O quadro que se aproxima do estado de natureza mais o instinto prevalece nele, como se pode ver ainda junto aos povos selvagens e bárbaros de nossos dias; o que o preocupa mais, ou melhor, o que o ocupa exclusivamente é a satisfação das necessidades materiais, porque ele não tem outras. O único sentido que pode torna-lo acessível aos gozos puramente morais se desenvolve ao longo do tempo e progressivamente; a alma tem sua infância, sua adolescência e sua virilidade, como o corpo humano; mas para atingir a virilidade, que a torna apta a compreender as coisas abstratas, que de evoluções não deve percorrer dentro da humanidade! Que de existências não precisa completar!

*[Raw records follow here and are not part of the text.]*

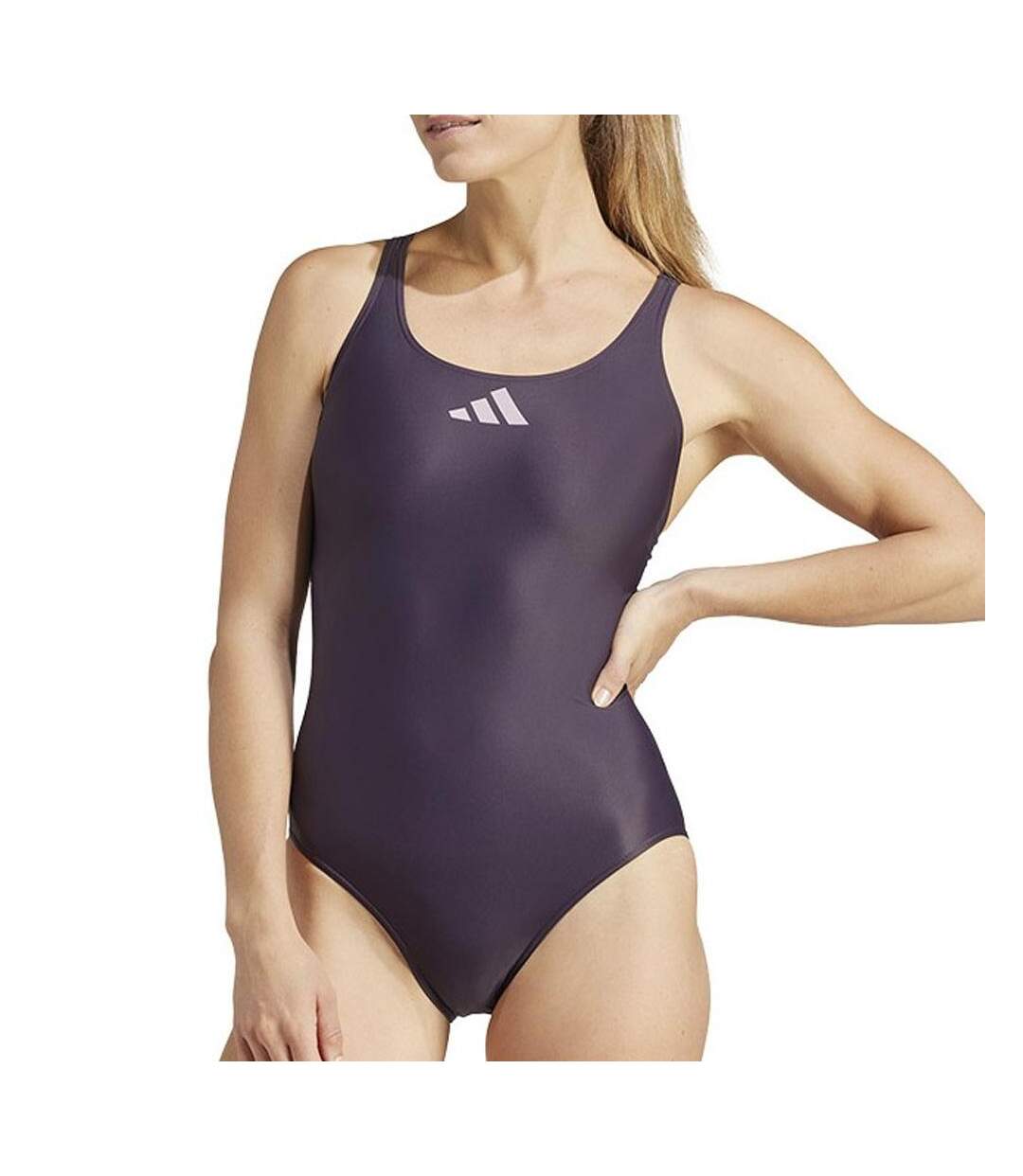 Maillot de bain violet femme adidas 3 bars-1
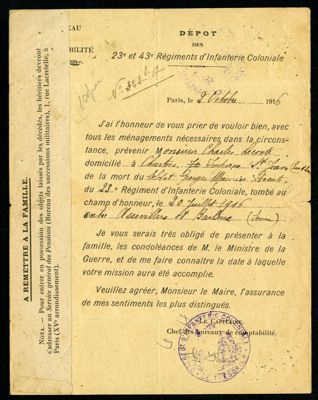 Note du dépôt des 23e et 43e régiments d'infanterie coloniale à M. le maire de Chartres en date du 2 octobre 1916, demandant à celui-ci de prévenir M. Leconte du décès de son fils. Arch. Dép. d'Eure-et-Loir, 5 Num 36 - 26, Fonds Leconte.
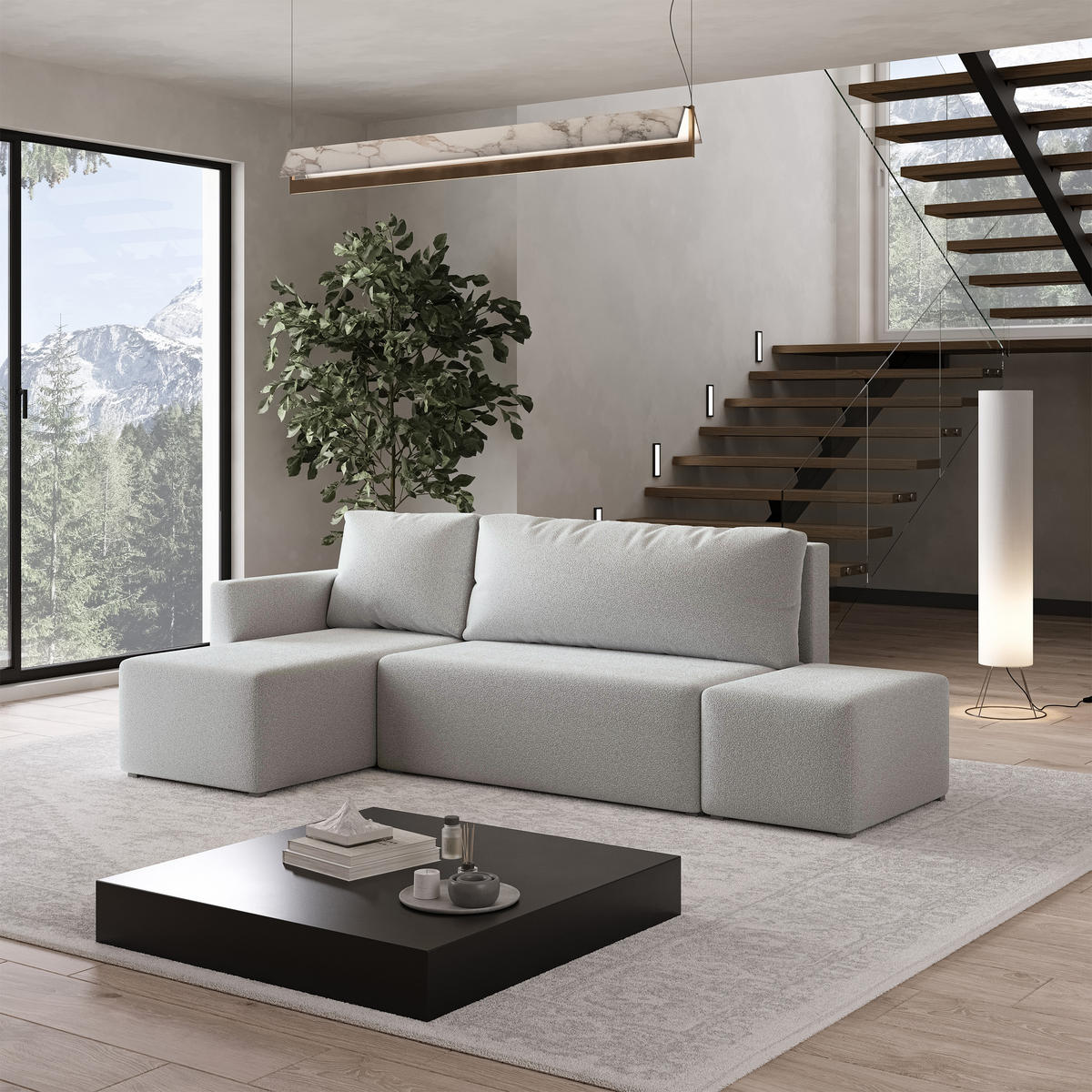 ECKSOFA VELOTTI L-S Hellgrau Boucle-Stoff mit Schlaffunktion - Hellgrau, Holz (261/143cm) - MASSENO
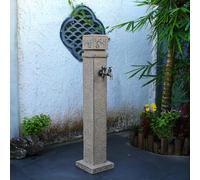 Hltdzer Colonne D’Eau Carrée en Pierre pour Extérieur avec Double Robinet, Robinet d'eau Vertical sur Pied pour Tuyau D'arrosage pour Lavage et Irrigation(Gray-A,94CM/37IN)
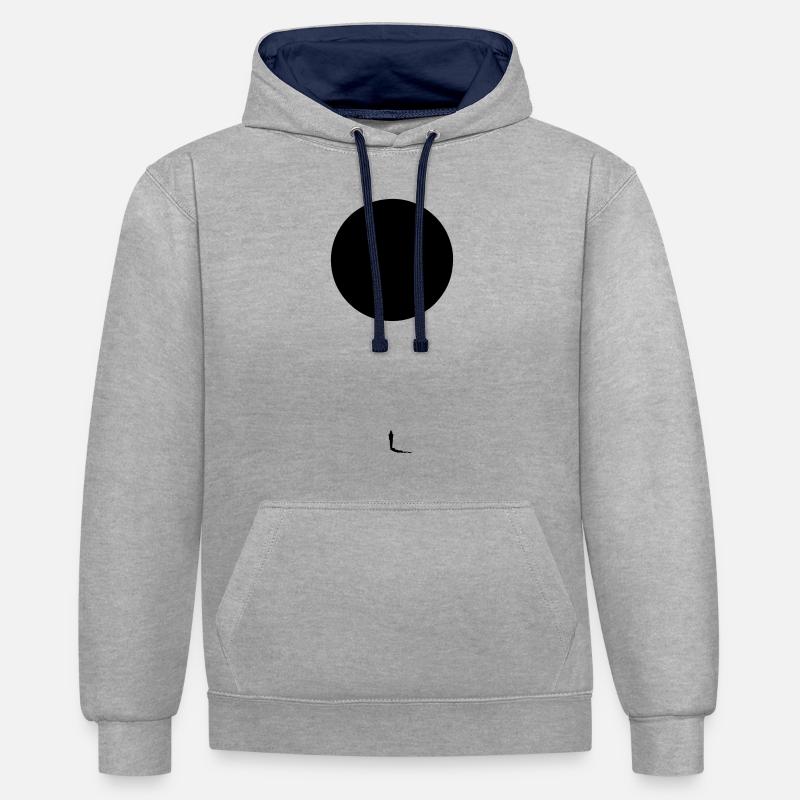 Black Sun - Kontrast-Hoodie - Grau meliert/Navy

Sem recuar às primeiras eras, vemos ao redor de nós as gentes de nossos campos e nos perguntamos quais sentimentos de admiração despertam nelas o esplendor do sol nascente, a abóboda estrelada, o trinado dos pássaros, o murmúrio das ondas claras, as campinas adornadas de flores! Para elas, o sol se ergue porque tem o hábito e, contanto que dê bastante calor para amadurecer as colheitas mas não muito que as seque, é tudo o que pedem; se elas olham para o céu, é para saber se fará bom ou mau tempo amanhã; que os pássaros cantem ou não lhes dá no mesmo, contanto que não comam seu grão; as melodias do rouxinol preferem o cacarejo das galinhas e o grunhido de seus porcos; o que pedem aos riachos claros ou lamacentos, é para não secarem nem inundá-los; ‘as campinas, para lhes dar da boa erva, com ou sem flores; é tudo o que desejam, dizemos mais, tudo o que compreendem da natureza e, não obstante elas estão longe dos homens primitivos.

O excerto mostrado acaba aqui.